On May 12, 2026, Joyce announced the House passed the Combating Organized Retail Crime Act, describing it as a bipartisan, bicameral bill to create a coordinated multi-agency response and new tools to combat organized retail theft and related criminal operations.
The May 21, 2026 House floor-votes page lists Roll Calls 187-191 on Smithsonian and veterans legislation; it does not show a border-security or fentanyl-specific vote on that day.
Assessments
Joyce has taken relevant federal steps toward the promise, including joining the House Homeland Security Committee and publicly tying that role to border security and fentanyl interdiction. The organized retail crime bill is a public-safety enforcement accomplishment but is not a direct border-security or fentanyl-delivery outcome.
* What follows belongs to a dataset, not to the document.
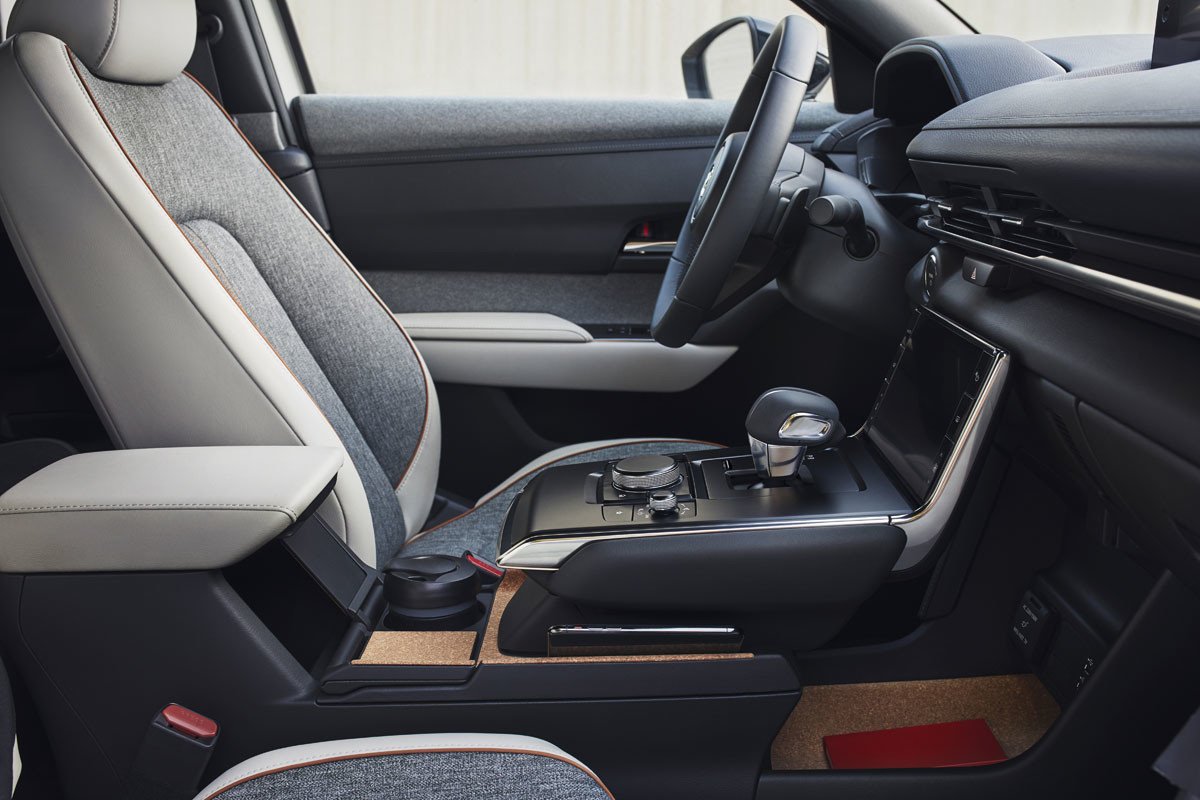 Mazda MX-30 e-Skyactiv R-EV 2023: precio, consumo, autonomía y todos los datos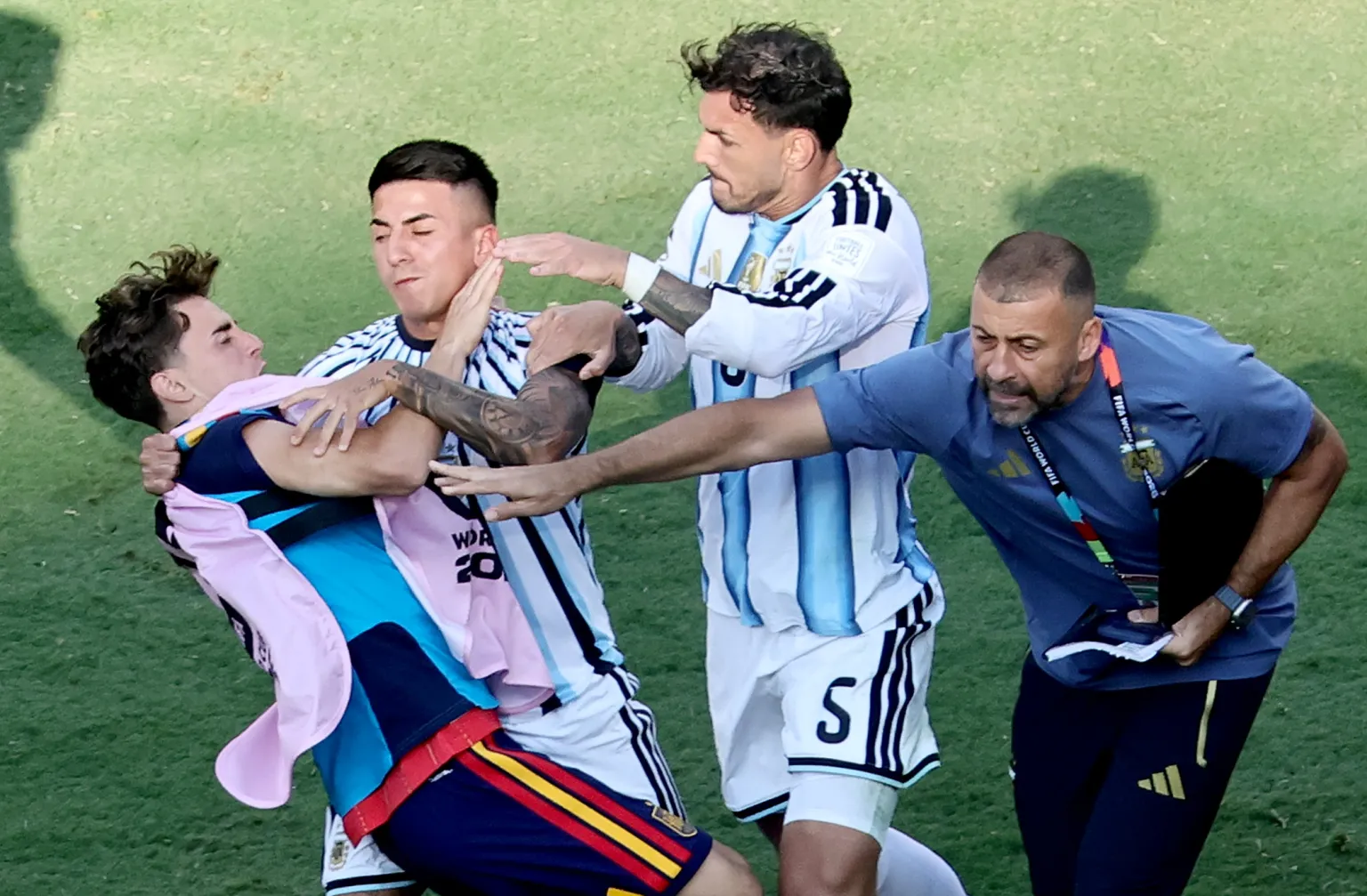 Perselisihan di akhir laga final Piala Dunia saat Spanyol kalahkan Argentina.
The evidence does not show enactment or completion of a border/fentanyl policy attributable to Joyce, so this is partial progress rather than delivered.
Joyce took a concrete step aligned with the promise by joining the House Committee on Homeland Security and publicly committing to work on border security, fentanyl, narcotics interdiction, and protection of Americans. However, the evidence shows an assignment and intent to work, not enacted policy or a completed federal outcome that materially maintained a secure border or stopped fentanyl flows. The May 2026 floor-vote evidence also does not show passage of a directly relevant border or fentanyl measure. Because the promise is framed as 'work to' rather than guaranteeing a specific enacted result, this supports partial credit with an effort badge, not full delivery.